Заполненный товарищами берег | страница 12
— Давай, друже, простимся.
Я попробовал растерянно лепетать, что мы еще будем видеться, что ждем в редакции его стихи... Он спокойно остановил меня:
— Я старший, я лучше знаю.
Мы обнялись и трижды расцеловались.
Медсестра растерянно и испуганно глядела на нас.
И действительно знал: больше Евгения Ивановича я не видел — ни живого, ни мертвого.
Он тогда выписался из больницы, возвратился домой, потом похоронил Любовь Андреевну, написал подборку стихотворений и передал редактору, Сергею Ивановичу Законникову. Я рассказал ему о нашем последнем разговоре в палате, о вердикте докторов и предложил поставить стихи в летний номер. Сергей Иванович грустно улыбнулся:
— Саша, старик мудрый. Он предвидел это и попросил стихи поставить только в его, сентябрьский номер.
В августе Максима Танка не стало, поэта Божьей милостью, который однажды сказал, что был бы счастлив, если бы знал, что и через сто лет после смерти, люди будут помнить хотя бы одно его стихотворение.
И теперь, когда я слышу имя Максима Танка, оно неизменно ассоциируется у меня с его словами: «Можа, мы апошнія паэты, што вось так цікавяцца зямлёй».
Он и сам ушел в свою землю, чтобы лежать на деревенском кладбище рядом с матерью и отцом.
Ужин с Брылем
В мою жизнь Брыль вошел с детства, даже смутно помню обложки «Зялёнай школы» и «Ліпкі і клёніка». Знание, что их написал Янка Брыль, пришло, когда был уже старшеклассником и сам пытался писать. С тех пор читал все написанное Брылем. Да и моя литературная жизнь была непосредственно связана с Иваном Антоновичем, с его вниманием и помощью. Неблагодарная это вещь набиваться в ученики к великим писателям, когда их уже нет в живых. Вот доживу и прочту в его дневниках, что он сам так считал, буду и рад, и благодарен, а если и не прочитаю, все равно был и буду признателен. Но и теперь, когда напишу новую вещь, где-то есть в подсознании, что это прочтет Брыль.
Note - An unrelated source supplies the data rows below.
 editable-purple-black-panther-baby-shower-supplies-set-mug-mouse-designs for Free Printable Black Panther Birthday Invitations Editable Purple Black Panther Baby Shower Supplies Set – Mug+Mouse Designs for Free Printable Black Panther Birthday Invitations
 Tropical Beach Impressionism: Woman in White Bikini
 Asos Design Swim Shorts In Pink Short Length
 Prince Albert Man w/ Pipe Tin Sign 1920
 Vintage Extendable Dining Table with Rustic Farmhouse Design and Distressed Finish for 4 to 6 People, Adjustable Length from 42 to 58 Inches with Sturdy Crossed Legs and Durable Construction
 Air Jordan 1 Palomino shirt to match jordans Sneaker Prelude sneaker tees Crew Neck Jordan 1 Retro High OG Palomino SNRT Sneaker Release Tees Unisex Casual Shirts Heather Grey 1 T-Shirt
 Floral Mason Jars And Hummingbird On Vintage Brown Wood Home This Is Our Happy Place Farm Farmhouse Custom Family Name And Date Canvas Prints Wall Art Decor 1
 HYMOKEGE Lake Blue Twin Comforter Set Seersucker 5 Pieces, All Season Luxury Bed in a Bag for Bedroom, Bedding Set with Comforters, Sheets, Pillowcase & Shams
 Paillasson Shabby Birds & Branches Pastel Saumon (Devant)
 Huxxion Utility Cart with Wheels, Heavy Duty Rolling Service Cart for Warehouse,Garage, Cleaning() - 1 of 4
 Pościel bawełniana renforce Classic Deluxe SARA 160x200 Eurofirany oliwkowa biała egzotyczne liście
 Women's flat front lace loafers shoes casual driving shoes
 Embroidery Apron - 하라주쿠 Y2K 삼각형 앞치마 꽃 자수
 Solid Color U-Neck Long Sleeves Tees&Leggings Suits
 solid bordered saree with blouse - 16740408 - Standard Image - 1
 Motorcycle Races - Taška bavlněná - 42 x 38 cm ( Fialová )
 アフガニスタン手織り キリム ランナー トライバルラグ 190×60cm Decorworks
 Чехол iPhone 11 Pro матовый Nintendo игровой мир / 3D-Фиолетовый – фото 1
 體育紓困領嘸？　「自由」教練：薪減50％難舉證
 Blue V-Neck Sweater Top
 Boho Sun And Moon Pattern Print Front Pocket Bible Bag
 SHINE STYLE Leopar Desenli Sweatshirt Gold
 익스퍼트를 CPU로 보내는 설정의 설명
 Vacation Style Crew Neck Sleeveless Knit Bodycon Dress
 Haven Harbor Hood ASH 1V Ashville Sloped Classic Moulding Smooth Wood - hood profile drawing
Я писал о Брыле, не к семидесятилетию ли его, даже название помню «Жито, жизнь, книга...». Но из меня не большой писака даже и к юбилеям, хотя о Брыле написать хочется, и надо бы. И о нем самом — биография неординарная, — и о его творчестве. Иван Антонович с самого начала стал солдатом Второй мировой, для нас Великой Отечественной войны, пулеметчиком морской пехоты в польской армии в кровавых боях под Гдыней. Там был взят в плен, из которого удалось бежать только со второй попытки. Дома воевал в партизанах, после войны работал в периодических изданиях, а потом занялся только литературной работой. Он рано начал писать. Первые рассказы датированы тридцать седьмым годом, это те, что он посчитал нужным включить в пятитомное собрание сочинений. Во время войны, до партизанки, им сделаны попытки двух повестей о только что пережитом: о побеге из плена. Позже они лягут в основу «книги одной молодости» — романа «Птицы и гнезда».